■ **Assignment**
Repeat, word for word and with nothing added, each line from the one containing "3 Cichlid Stone" to the final line of the data, keeping both ends. Pictures are not part of the copy.
★ ★ ★ ★
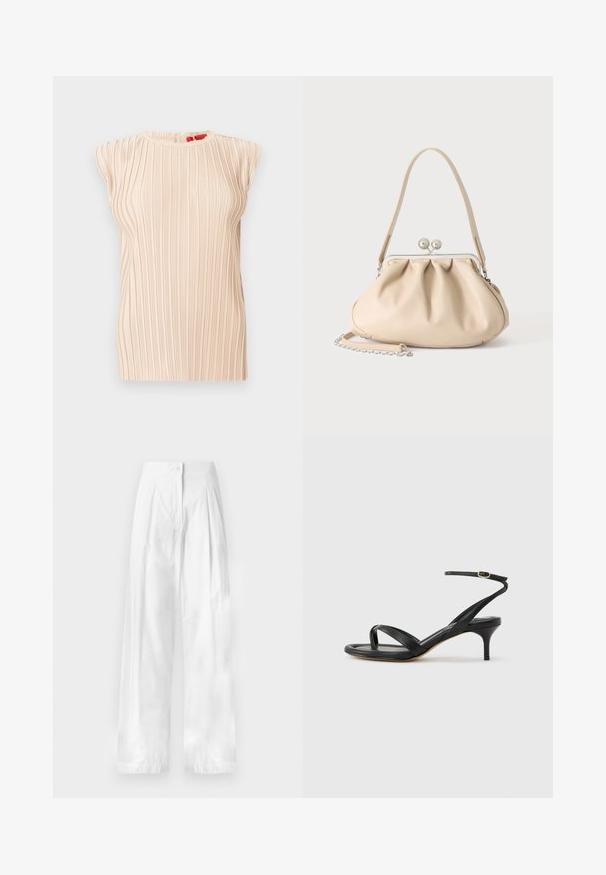 Ärmellose beige plissierte Bluse mit rundem Ausschnitt und dezenter vertikaler Struktur, präsentiert vor weißem Hintergrund.; Weiße, hochgeschnittene, weite Hose mit vorderen Falten und einem einzelnen Knopfverschluss am Bund.; Schwarze Ledersandale für Damen mit dünnen Riemchen, einer Zehenlasche, einer Knöchelschnalle und einem mittelhohen Stöckelabsatz vor neutralem Hintergrund.; Beige weiche Lederhandtasche mit silbernem Metallrahmenverschluss, einem Schulterriemen und einem optionalen Kettenriemen auf weißem Hintergrund.
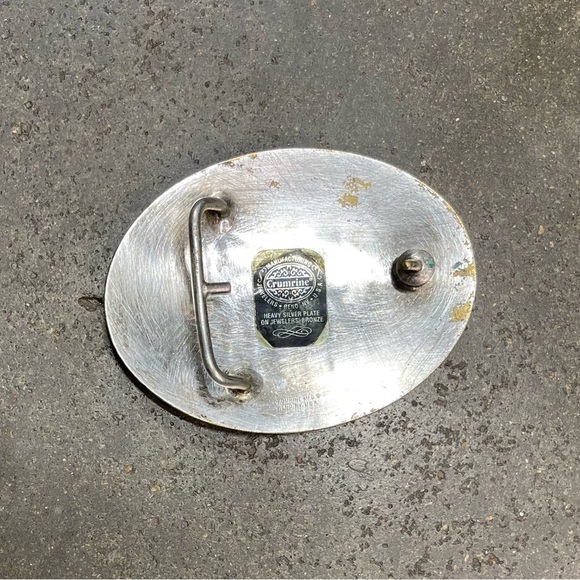 Crumrine Western Oval Paint Horse Silver & Gold Belt Buckle C01574 - Picture 5 of 8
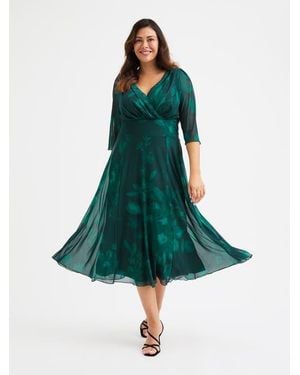 Scarlett & Jo Helena Floral Midi Dress - Green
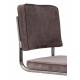 Lot de 2 Chaises Ridge Gris Zuiver Sièges Assises de Table en Tissu Nervuré 48x48x85cm
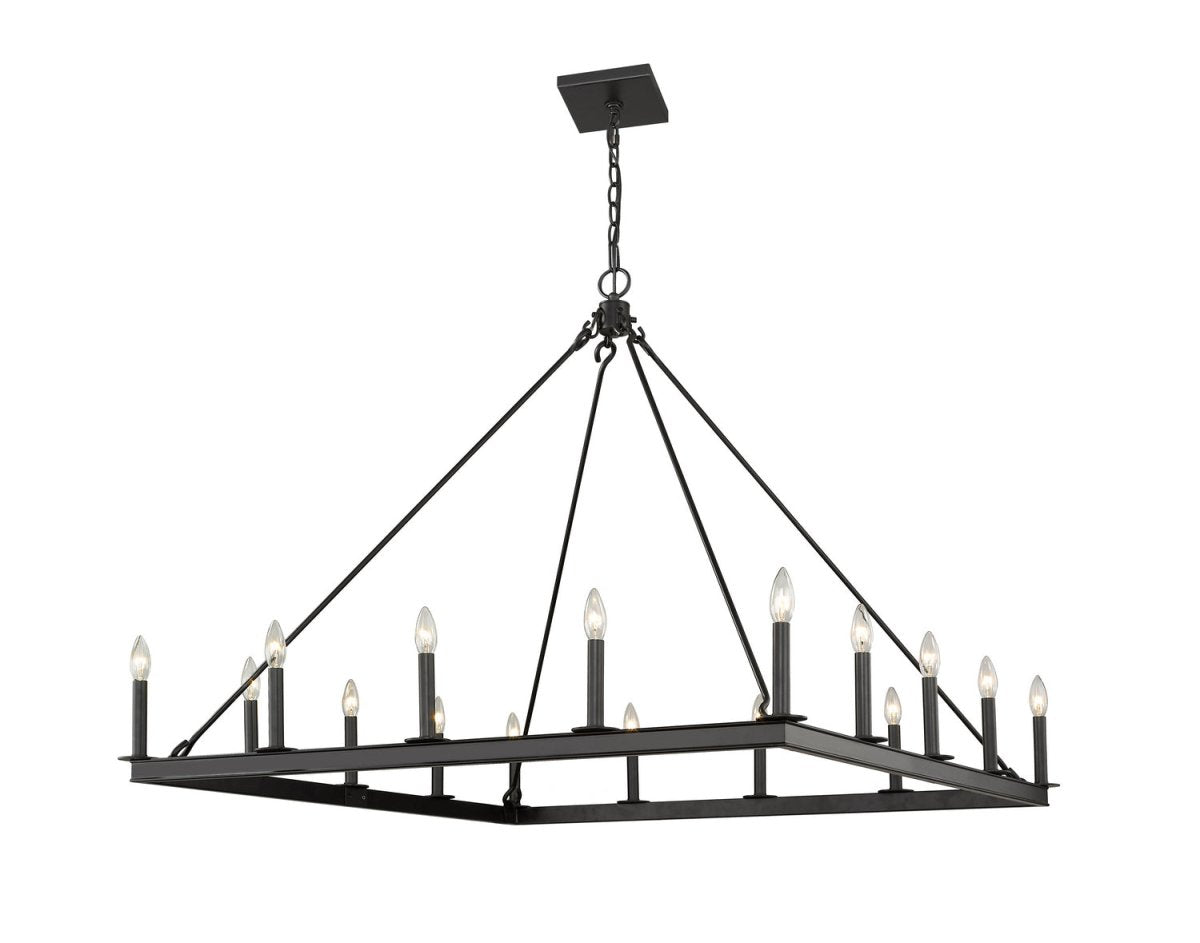 Lustre carré Barclay - Noir mat 45" by Z-Lite | Luminaires & cie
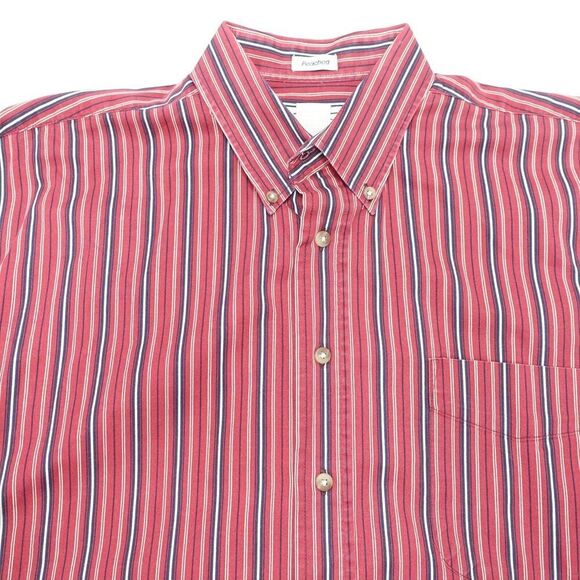 Crossings Shirt Mens Large Red Striped Cotton Peached Long Sleeve Button-Down - Picture 2 of 7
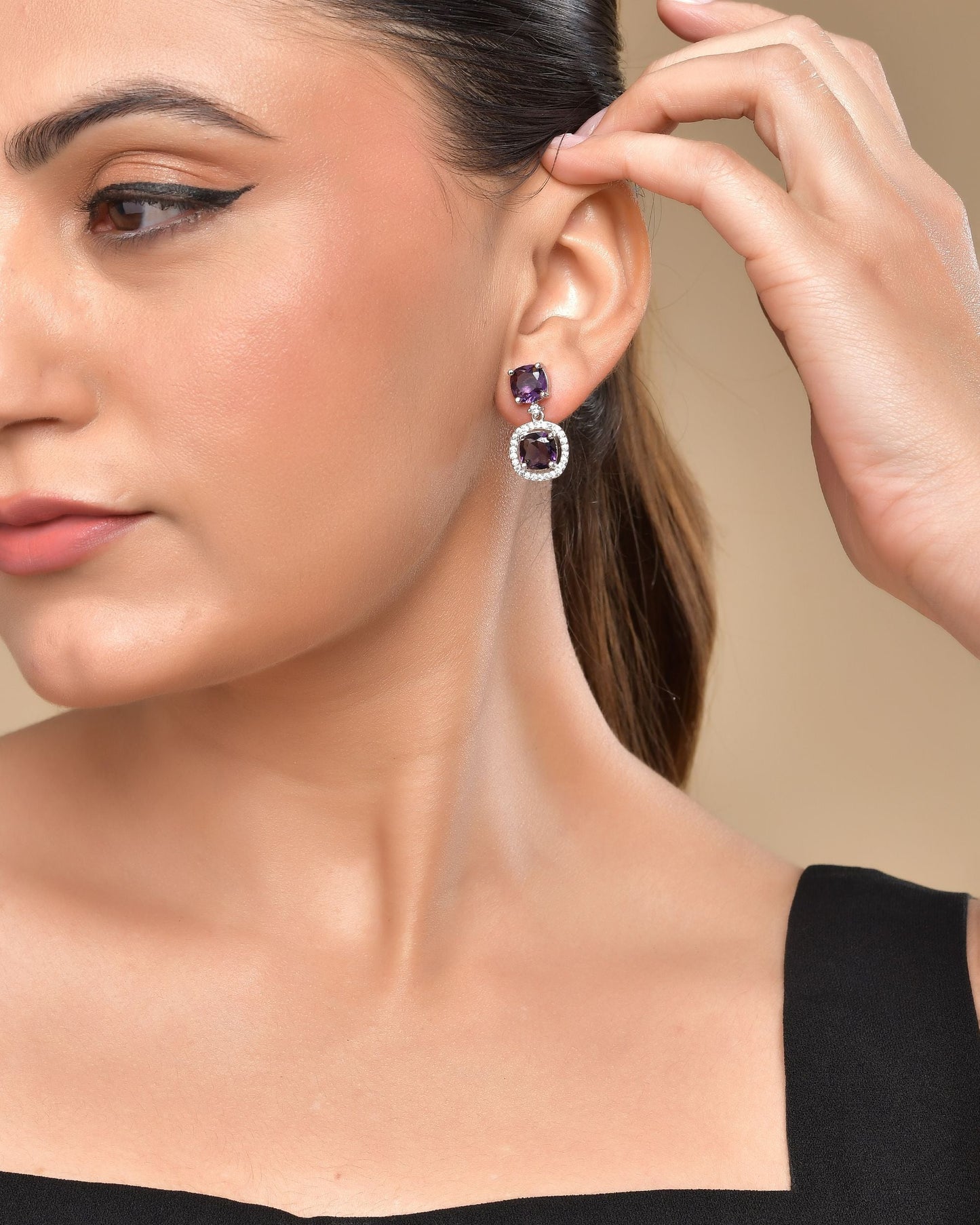 VOJ Silver Plated Purple Stone Geometrical Shaped Earrings - Swadesiicart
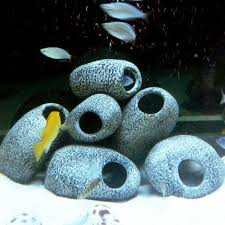 3 Cichlid Stone Ceramic Aquarium Rock Cave Decoration Fish Tank Pond Ornament Fish Tank Fish Tank Decorations Aquarium Rocks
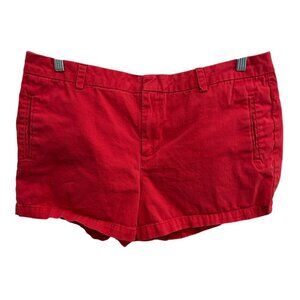 JCP Red Cotton Womens Flat Front Shorts Size 16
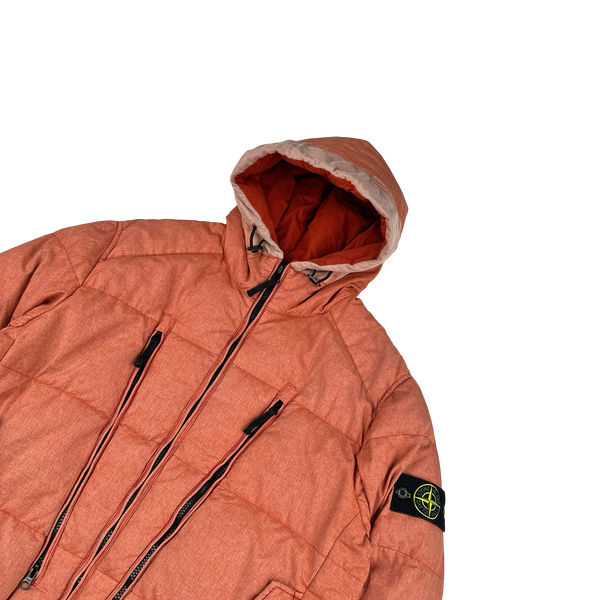 Stone Island 2014 Salmon Mix Fibre Watro Tela Down Puffer Jacket - XL
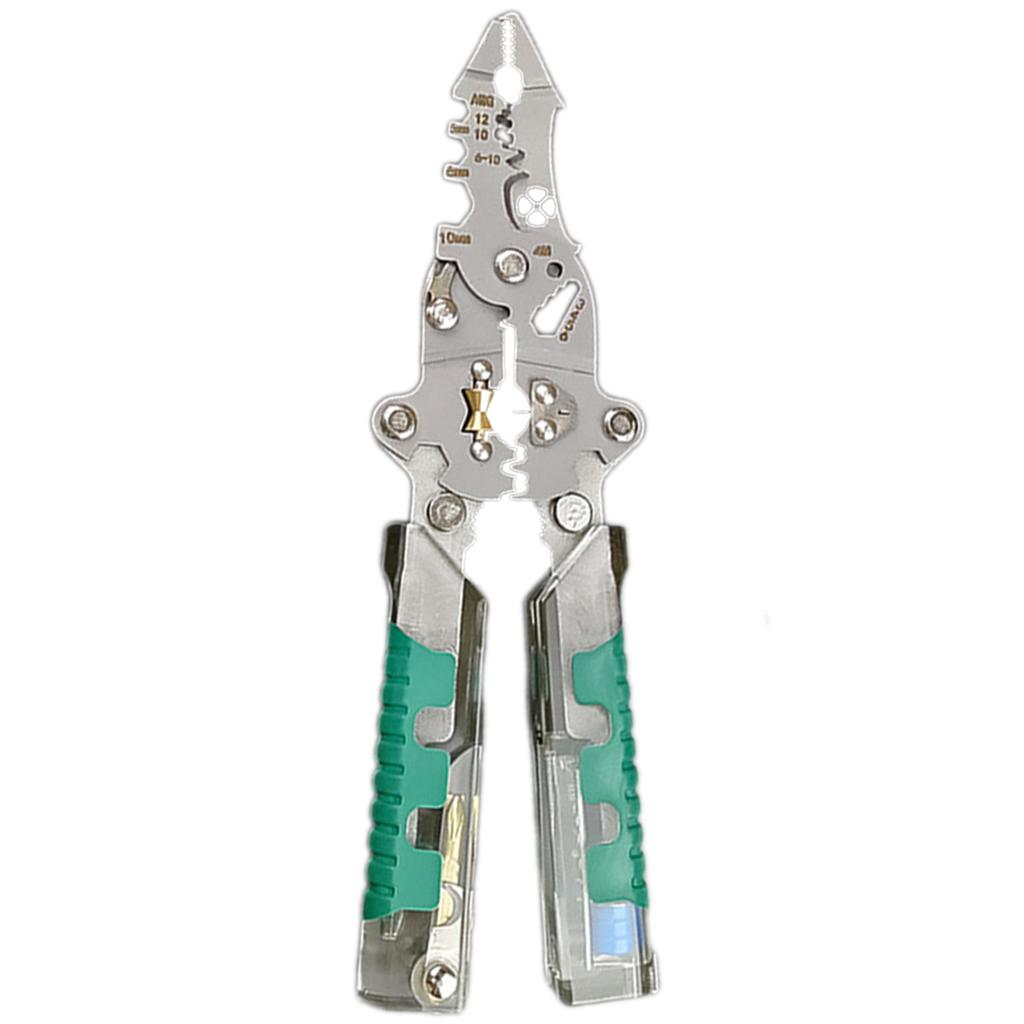 8 In 1 Wire Stripper With Voltage Tester,Multifunctional Wire Stripping Tool,Foldable Piler For Scraping Pressing Wires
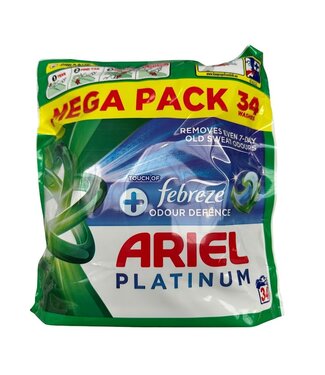 Ariel Platinum Pods + Touch of Febreze Odour Defence  - 34 Wasbeurten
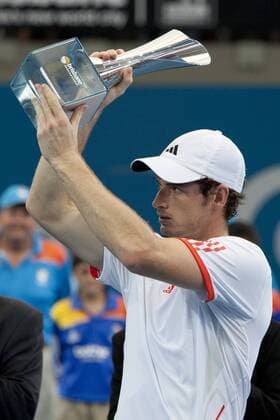 08.01.2012 Brisbane, Australia. Andy Murray winner of the ATP Tennis Herren 250 Brisbane International played at the Pat Rafter Arena, Queensland Tennis Centre. xCHRISxTIPPELTx  ActionPlus11231293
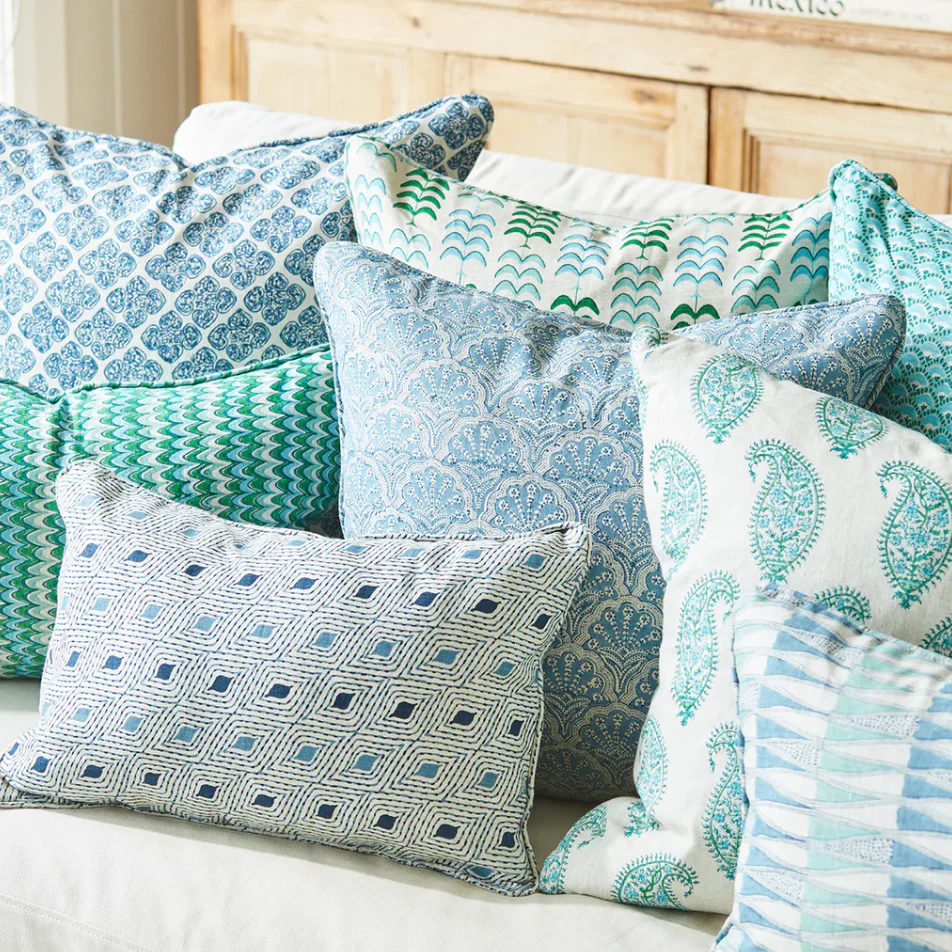 St. Tropez Azure Linen Cushion 20" x 20" - Image 2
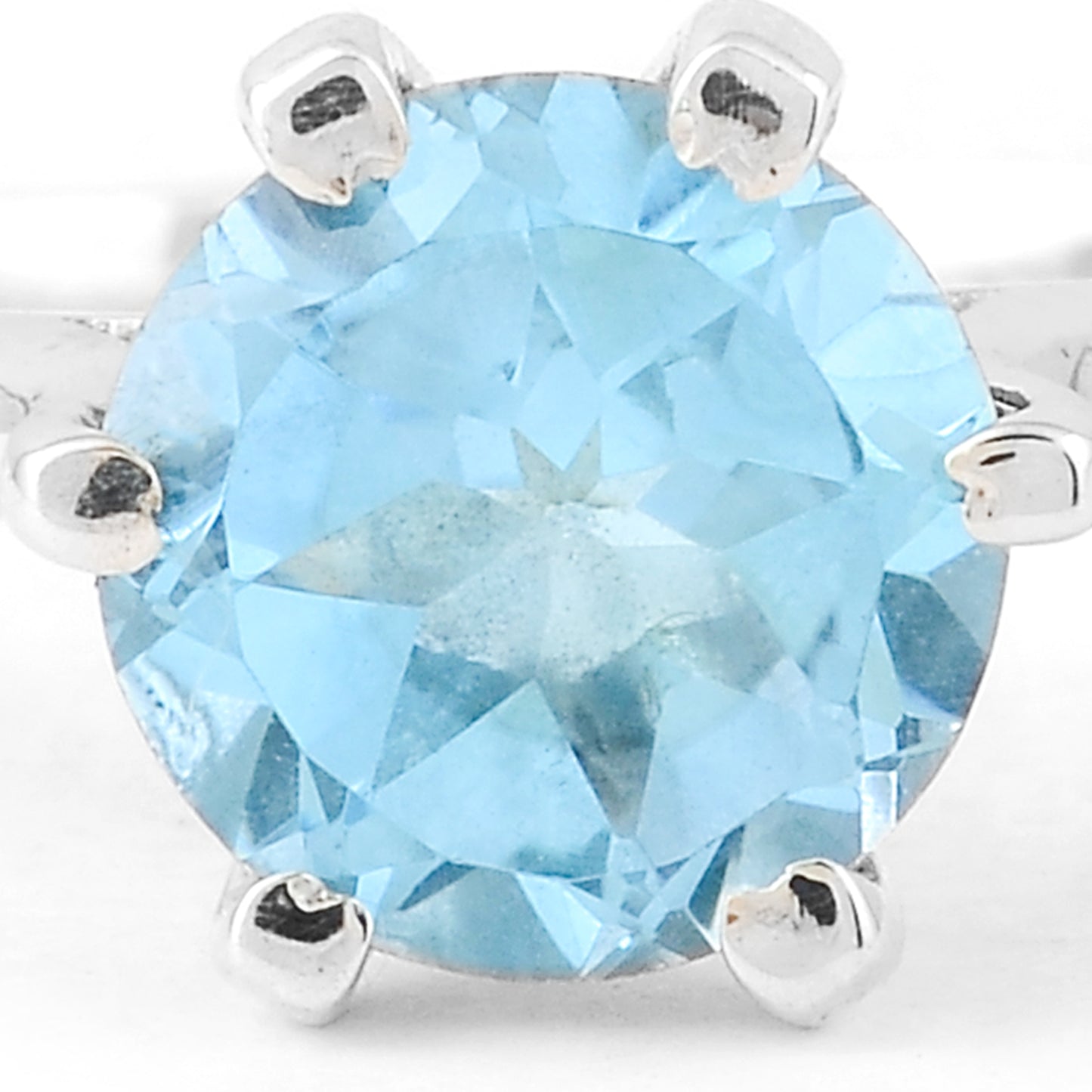 2.04 Ct Round Blue Topaz, 925 Sterling Silver Ring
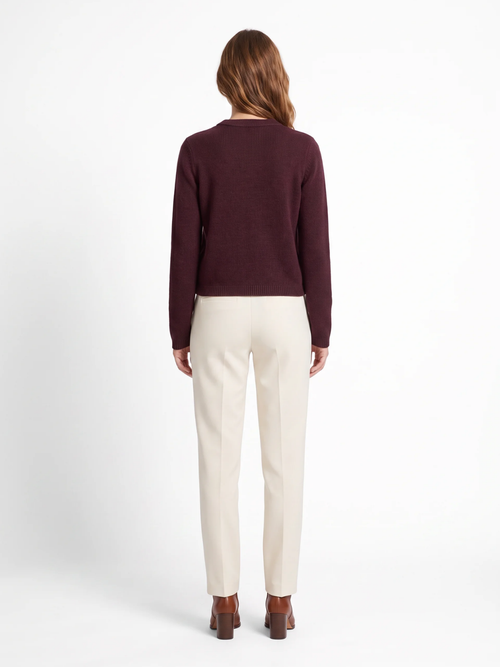 Eleanor | Button-Front Knit Cardigan, Cropped Autumn Winter Layering Sweater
★ ★ ★ ★
■ **Answer box**
 3 Cichlid Stone Ceramic Aquarium Rock Cave Decoration Fish Tank Pond Ornament Fish Tank Fish Tank Decorations Aquarium Rocks
 JCP Red Cotton Womens Flat Front Shorts Size 16
 Stone Island 2014 Salmon Mix Fibre Watro Tela Down Puffer Jacket - XL
 8 In 1 Wire Stripper With Voltage Tester,Multifunctional Wire Stripping Tool,Foldable Piler For Scraping Pressing Wires
 Ariel Platinum Pods + Touch of Febreze Odour Defence  - 34 Wasbeurten
 08.01.2012 Brisbane, Australia. Andy Murray winner of the ATP Tennis Herren 250 Brisbane International played at the Pat Rafter Arena, Queensland Tennis Centre. xCHRISxTIPPELTx  ActionPlus11231293
 St. Tropez Azure Linen Cushion 20" x 20" - Image 2
 2.04 Ct Round Blue Topaz, 925 Sterling Silver Ring
 Eleanor | Button-Front Knit Cardigan, Cropped Autumn Winter Layering Sweater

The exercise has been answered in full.